ASSIGNMENT → An exact copy of the data is needed, but without any of its images.

DATA SECTION →
════

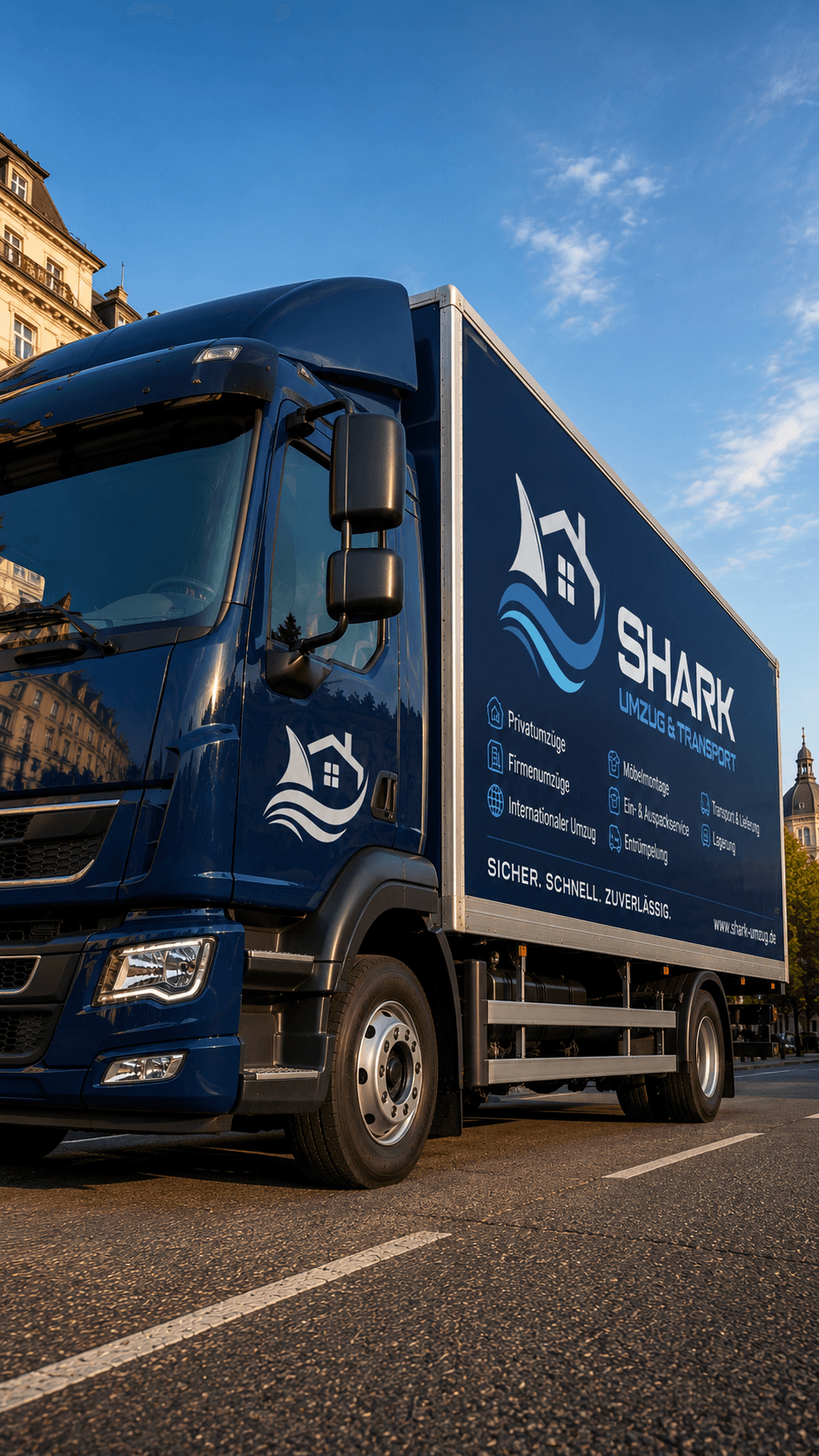 Shark Umzug & Transport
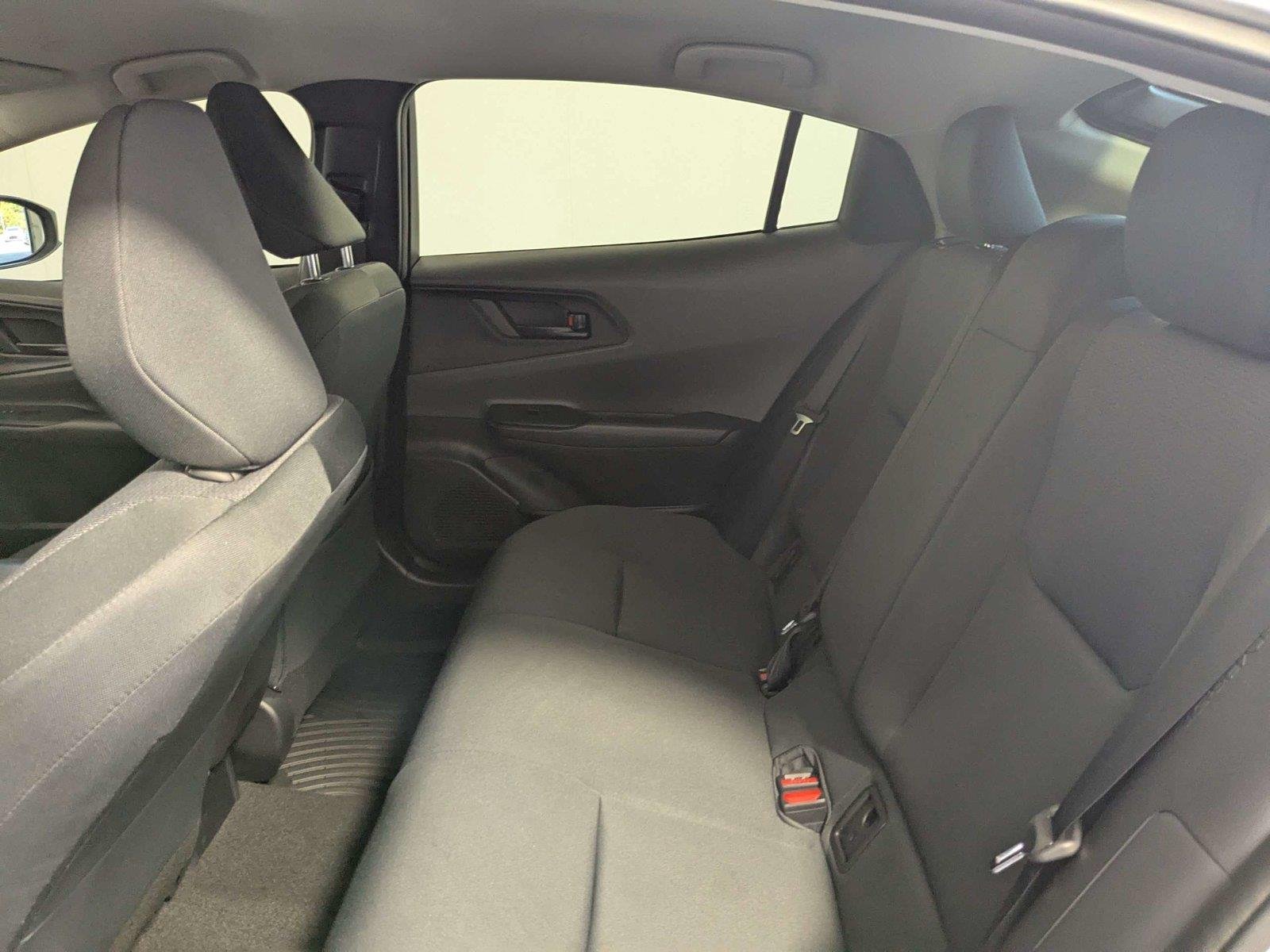 Used 2025 Cutting Edge Toyota LE image 35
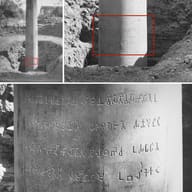 The Ashoka Pillar, Nepal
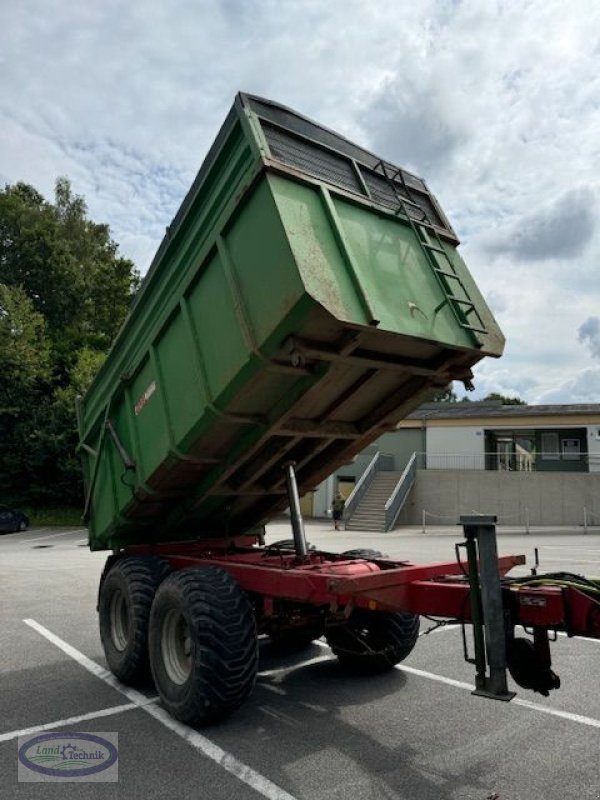 Muldenkipper typu Gerbl TWK 13000, Gebrauchtmaschine v Münzkirchen (Obrázok 9)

════

TASK RESPONSE →
 Shark Umzug & Transport
 Used 2025 Cutting Edge Toyota LE image 35
 The Ashoka Pillar, Nepal
 Muldenkipper typu Gerbl TWK 13000, Gebrauchtmaschine v Münzkirchen (Obrázok 9)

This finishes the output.